Rencana Investasi Asing di Sektor Pertanian dan Peternakan
Dalam konferansi pers yang dihadiri pula oleh anggota FPG Komisi IV DPR lainnya, masing-masing: Siswono Yudhohusodo, Anton Sihombing, Robert J Kardinal dan Gusti Iskandar Sukma Alamsyah tersebut, Firman Subagyo juga menyoroti soal gagasan pemerintah dalam menarik investasi asing pada sektor pertanian dan peternakan. Menurut pendapat FPG, pemerintah hendaknya berpikir ulang dalam memposisikan investor asing pada percaturan industri pertanian Indonesia. Pangkal soalnya sektor pertanian merupakan sektor yang sangat fundamental dan menyangkut hajat hidup bangsa Indonesia.
Menurut Firman Subayo, "Pemerintah harus mengutamakan pelaku usaha swasta nasional dan petani tradisional. Jangan sampai investasi yang masuk justru mematikan usaha pertanian lokal."
Ia juga mengharap kebijakan investasi pertanian tidak mengulang kesalahan pada kebijakan sektor pertambangan di mana saat ini lebih banyak dikuasai oleh pihak asing.
Terkait dengan program swasembada daging, FPG mendesak pemerintah untuk mendorong peningkatan populasi sapi potong yang ditargetkan meningkat dari 12 juta ekor pada tahun 2009 menjadi 14,6 juta ekor pada tahun 2014. Ditengarai selama ini pemerintah belum intensif mendorong potensi bibit sapi lokal untuk program swasembada daging.

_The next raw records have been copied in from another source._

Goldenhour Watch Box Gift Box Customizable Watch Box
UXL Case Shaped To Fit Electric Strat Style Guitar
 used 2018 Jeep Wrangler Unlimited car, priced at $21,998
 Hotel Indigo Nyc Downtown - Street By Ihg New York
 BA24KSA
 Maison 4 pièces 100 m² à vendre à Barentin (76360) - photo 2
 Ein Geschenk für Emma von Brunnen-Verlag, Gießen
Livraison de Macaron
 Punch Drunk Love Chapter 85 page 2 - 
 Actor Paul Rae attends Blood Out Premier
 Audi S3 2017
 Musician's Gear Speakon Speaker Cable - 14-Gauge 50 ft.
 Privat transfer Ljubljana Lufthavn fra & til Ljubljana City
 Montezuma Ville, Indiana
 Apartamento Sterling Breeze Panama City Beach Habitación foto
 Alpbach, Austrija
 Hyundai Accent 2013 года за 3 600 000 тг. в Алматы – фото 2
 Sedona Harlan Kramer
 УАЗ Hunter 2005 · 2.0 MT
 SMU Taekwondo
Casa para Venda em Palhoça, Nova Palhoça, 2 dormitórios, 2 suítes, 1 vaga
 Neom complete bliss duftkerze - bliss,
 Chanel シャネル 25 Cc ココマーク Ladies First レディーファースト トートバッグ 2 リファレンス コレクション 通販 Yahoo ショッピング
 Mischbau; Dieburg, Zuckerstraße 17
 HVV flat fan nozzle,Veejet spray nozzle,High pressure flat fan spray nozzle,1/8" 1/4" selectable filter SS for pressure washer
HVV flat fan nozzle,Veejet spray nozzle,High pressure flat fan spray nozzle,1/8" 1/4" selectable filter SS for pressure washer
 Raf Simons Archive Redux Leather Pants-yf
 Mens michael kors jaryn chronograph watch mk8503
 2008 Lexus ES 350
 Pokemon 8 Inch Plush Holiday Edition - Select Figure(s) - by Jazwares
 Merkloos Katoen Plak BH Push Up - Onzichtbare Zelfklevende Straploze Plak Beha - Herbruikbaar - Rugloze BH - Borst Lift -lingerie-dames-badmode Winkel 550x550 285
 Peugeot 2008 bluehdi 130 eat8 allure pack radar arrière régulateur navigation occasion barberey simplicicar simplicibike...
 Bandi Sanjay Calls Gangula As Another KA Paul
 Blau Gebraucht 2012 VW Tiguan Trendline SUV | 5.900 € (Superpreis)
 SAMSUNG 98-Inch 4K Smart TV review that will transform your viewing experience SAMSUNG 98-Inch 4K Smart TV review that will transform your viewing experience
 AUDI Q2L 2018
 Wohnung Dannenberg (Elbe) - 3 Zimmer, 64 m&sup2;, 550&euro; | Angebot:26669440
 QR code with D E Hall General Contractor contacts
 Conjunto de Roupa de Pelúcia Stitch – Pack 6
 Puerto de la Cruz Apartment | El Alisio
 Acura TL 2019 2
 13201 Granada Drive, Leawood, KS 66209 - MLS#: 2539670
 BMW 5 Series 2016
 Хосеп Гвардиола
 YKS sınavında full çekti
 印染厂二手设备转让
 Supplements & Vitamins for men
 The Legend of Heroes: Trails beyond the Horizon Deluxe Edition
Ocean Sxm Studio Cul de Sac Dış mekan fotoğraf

Sebagaimana diketahui selama periode 2005-2009, Indonesia masih mengimpor 40 % total kebutuhan daging sapi yang pada 2009 saja mencapai 322,1 ribu ton. Meskipun populasi sapi potong dari tahun 2005 hingga 2009 meningkat sebanyak 4,4 % per tahun, populasi sapi potong belum mampu memenuhi kebutuhan nasional akan daging sapi.